### How to complete this task
Please output the following records exactly. Leave every image out.

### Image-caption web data

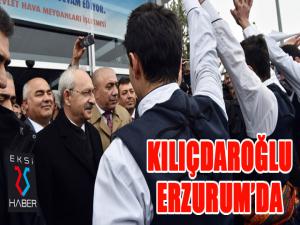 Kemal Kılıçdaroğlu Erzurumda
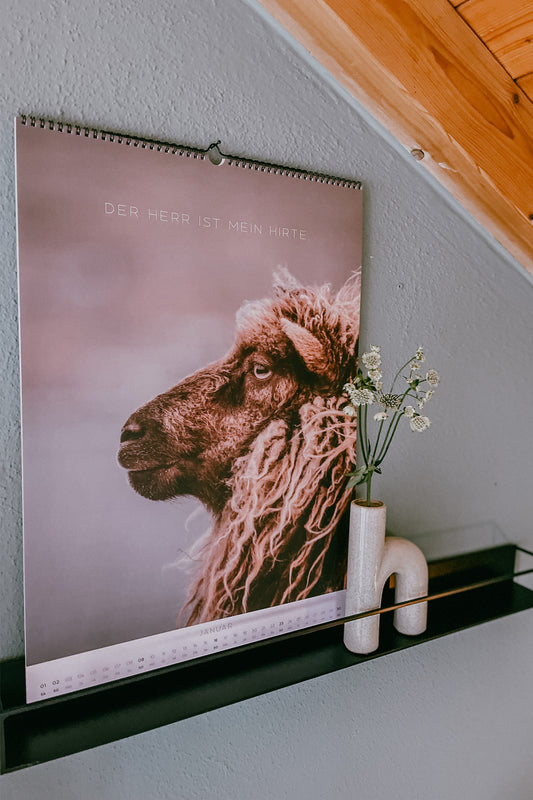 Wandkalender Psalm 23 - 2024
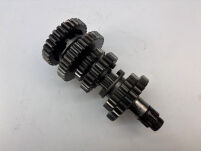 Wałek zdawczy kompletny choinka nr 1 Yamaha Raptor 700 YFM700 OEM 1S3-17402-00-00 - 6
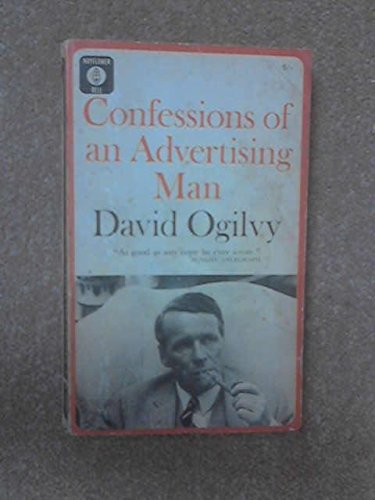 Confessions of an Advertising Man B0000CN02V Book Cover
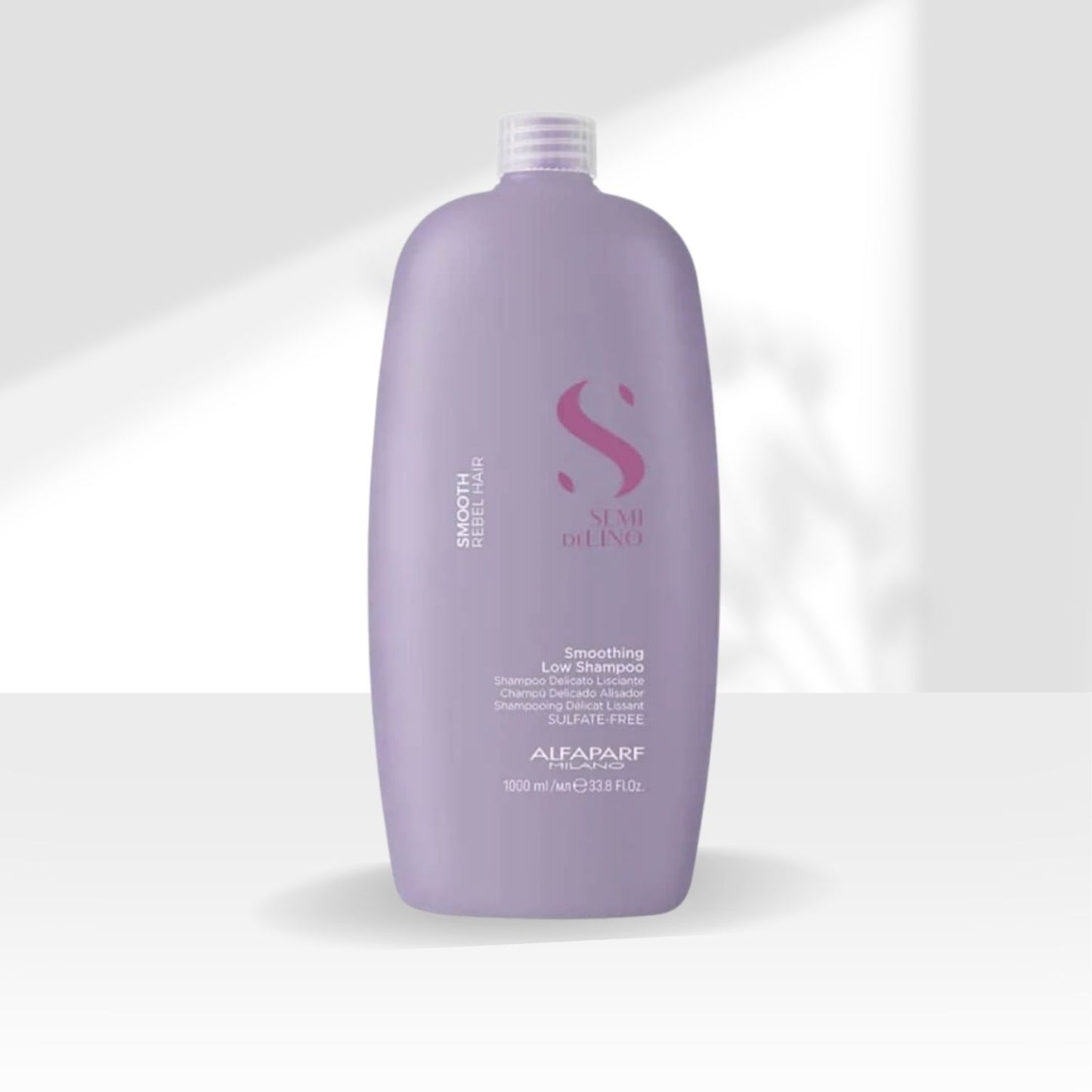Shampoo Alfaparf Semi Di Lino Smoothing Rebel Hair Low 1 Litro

### Finished exercise
 Kemal Kılıçdaroğlu Erzurumda
 Wandkalender Psalm 23 - 2024
 Wałek zdawczy kompletny choinka nr 1 Yamaha Raptor 700 YFM700 OEM 1S3-17402-00-00 - 6
 Confessions of an Advertising Man B0000CN02V Book Cover
Shampoo Alfaparf Semi Di Lino Smoothing Rebel Hair Low 1 Litro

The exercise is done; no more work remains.